→ Data shown:
########

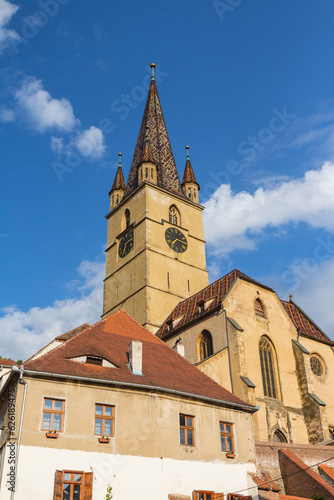A view of the historic Lutheran Cathedral of St. Mary in the city of Sibiu. Transylvania. Romania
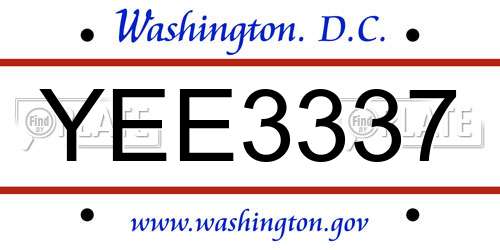 YEE3337 District Of Columbia License Plate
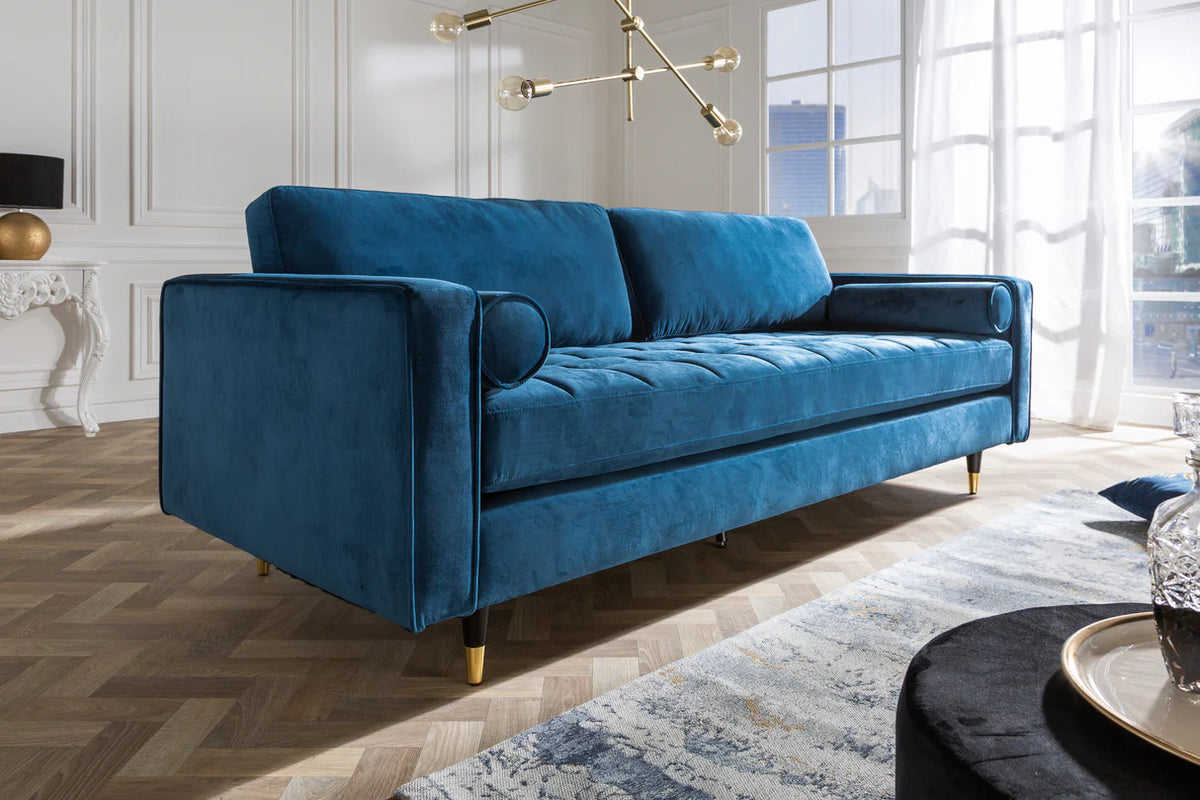 
Canapé 3 places en velours « Cozy Velvet » - Bleu roi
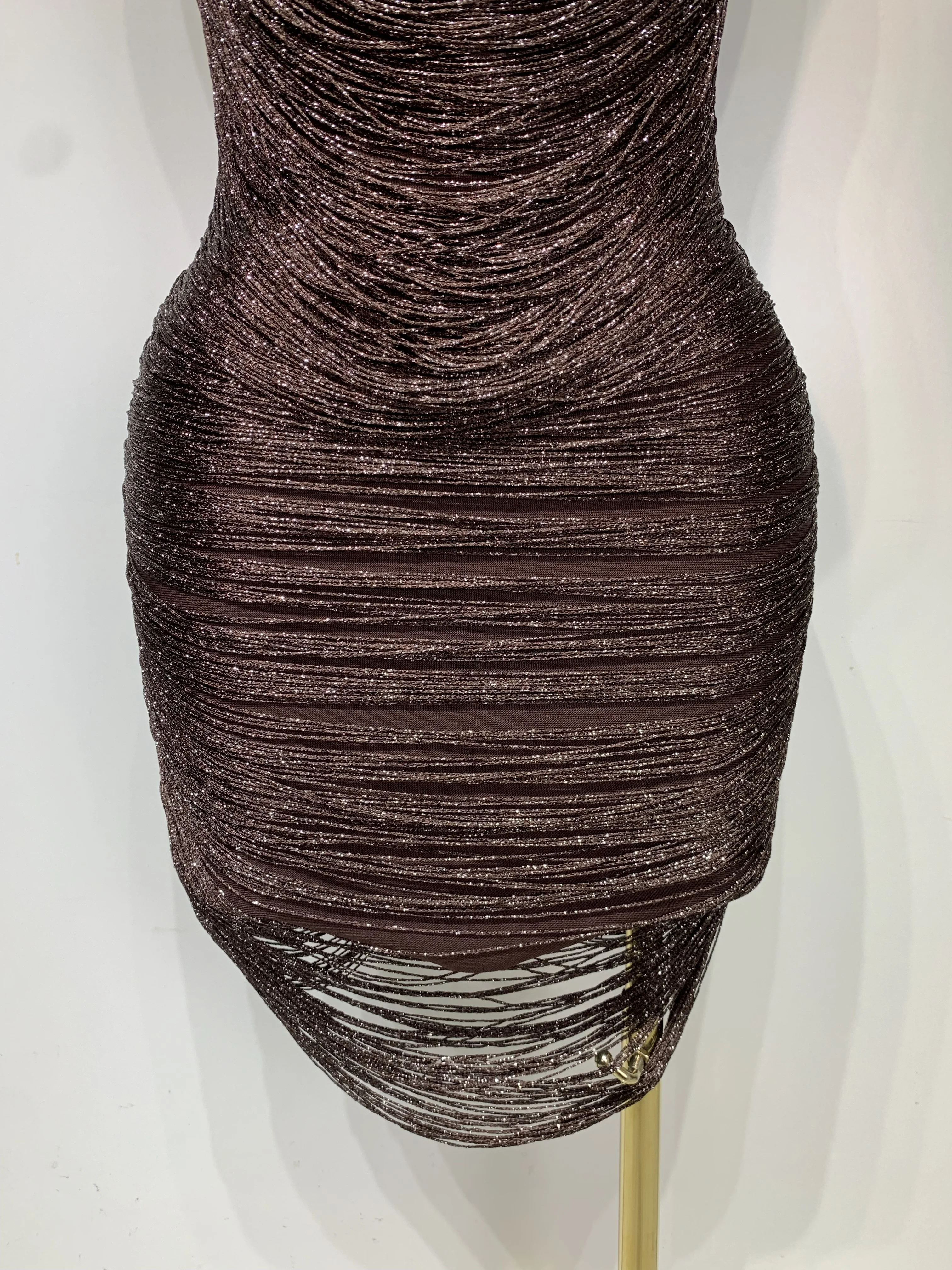 Women Sexy O Neck Sleeveless Gradient Tassel Mini Bodycon Bandage Dress Celebrity Elegant Evening Club Party Cocktail Dress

########

→ Task statement: Return the data above in its exact wording, with none of the pictures.

→ Exercise response:
A view of the historic Lutheran Cathedral of St. Mary in the city of Sibiu. Transylvania. Romania
 YEE3337 District Of Columbia License Plate
Canapé 3 places en velours « Cozy Velvet » - Bleu roi
 Women Sexy O Neck Sleeveless Gradient Tassel Mini Bodycon Bandage Dress Celebrity Elegant Evening Club Party Cocktail Dress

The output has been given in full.